Where there’s smoke there’s often fire. As our chart shows, odds Chair Powell is removed have increased, and the latest batch of reports suggest things shouldn’t be viewed as a low probability ‘tail risk’. President Trump has been vocal about his displeasure the Fed, under Chair Powell’s leadership, hasn’t lowered interest rates more aggressively. As a reminder President Trump appointed Chair Powell during his first term but that seems to matter for little. No Fed Chair has been fired, dismissed, or removed by a President before the end of their term. The Federal Reserve Act allows for the removal of Board members (including the Chair) only “for cause” as it looks to preserve the Fed’s independence, a critical pillar to help achieve price/inflation stability. A disagreement over interest rates doesn’t qualify, but the apparent “excessive” US$2.5bn renovation costs of the Fed’s building have crept up as a potential avenue for the White House to investigate and possibly use.

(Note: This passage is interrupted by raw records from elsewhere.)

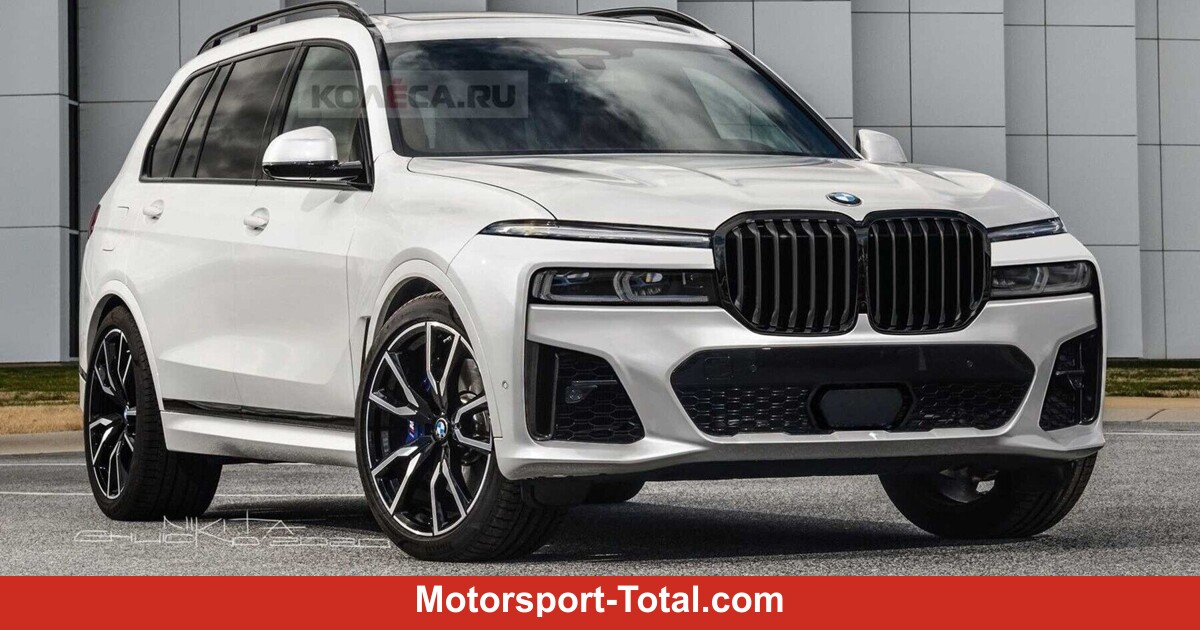 Hoffentlich sieht das BMW X7 Facelift (2022) nicht aus wie dieses Rendering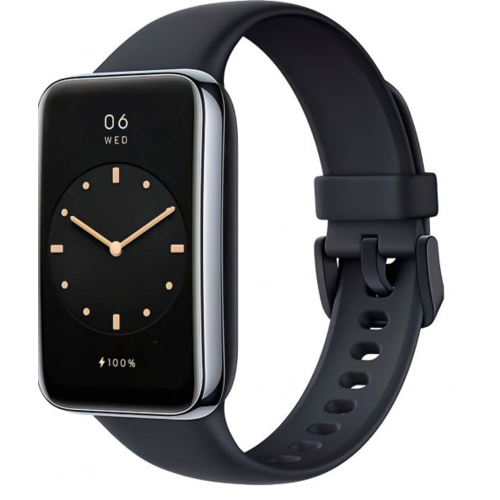 Умные часы (фитнес-браслет) Xiaomi Mi Band 7 Pro (черный)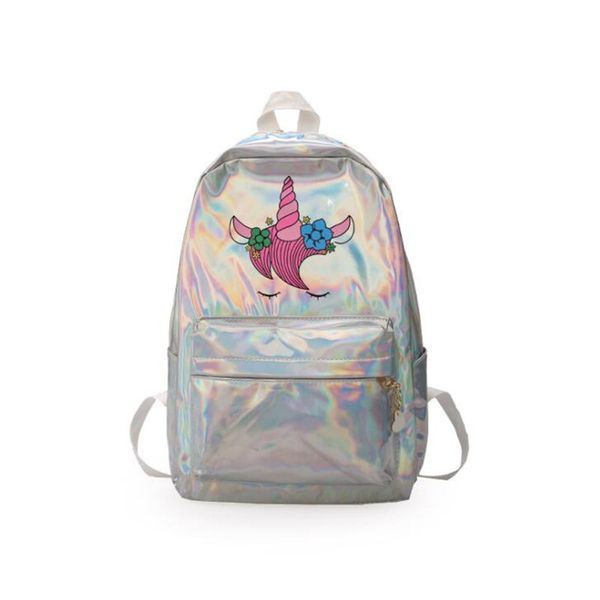meloke 2018 women hologram laser backpacks printed unicorn school bags for girls casual travel bags drop shipping m1294
meloke 2018 women hologram laser backpacks printed unicorn school bags for girls casual travel bags drop shipping m1294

The prospect of the Trump Administration looking at making changes at the US Fed is a factor, along with the push to implement and maintain hefty import tariffs, that may generate more market turbulence over the period ahead. The policy uncertainty and economic challenges the US is facing over the next year are reasons why we expect the USD to weaken over the medium-term. However, in the short-run, we believe the USD may garner support from a rebound in US retail sales and/or lift in import prices (both 10:30pm AEST). If realised, this could dampen expectations looking for the US Fed to cut rates over Q3.

Trans-Tasman Zone
The intra-day volatility in financial markets generated by reports and denials about whether US Fed Chair Powell may be removed whipped around the AUD and NZD over the past 24hrs with both trading in a ~1% range (see above). On net, the AUD (now ~$0.6529) and NZD (now ~$0.5947) are a fraction higher compared to where they were this time yesterday, although both are lower relative to where they closed last week. On the crosses the AUD has been mixed. The AUD lost a bit of ground against the EUR (-0.1%), JPY (-0.5%), and CAD (-0.1%), while it strengthened versus the NZD (+0.2%) and CNH (+0.2%).

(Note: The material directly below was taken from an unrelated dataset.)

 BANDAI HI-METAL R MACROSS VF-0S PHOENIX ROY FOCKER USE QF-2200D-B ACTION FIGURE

Today in Australia the volatile monthly employment data is released (11:30am AEST). The Australian jobs market has been remarkably resilient in the face of slower private sector growth and higher interest rates. As our chart shows, the upswing in unemployment so far this cycle has been fairly modest compared what happened before. That said, forward looking demand indicators like job ads and hiring intentions have turned down, suggesting weaker jobs growth down the track. In our view, there are risks the June labour market report shows overall conditions are softening with the subsamples within last month’s survey hinting at a possible rise in the unemployment rate. Cracks in the Australian jobs market might reinforce thinking the RBA will lower interest rates a few more times over H2 2025, which in turn may exert some downward pressure on the AUD in the short-term, in our opinion. As could a rebound in US retail sales (10:30pm AEST).
Beyond that, we would also reiterate that the AUD has usually had negative seasonal tendencies in late-July/August. AUD/USD has declined in August in 21 of the past 28 years. The implementation of the US’ new tariffs (1 August), rebound in US GDP growth (30 July), an on hold US Fed (30 July), US jobs report (1 August), a RBA rate cut combined with more ‘dovish’ guidance (12 August), signs of tariff induced US inflation (12 August), and/or no more deals struck at the end of the US-China tariff truce (12 August) could be drivers for this pattern to repeat in 2025.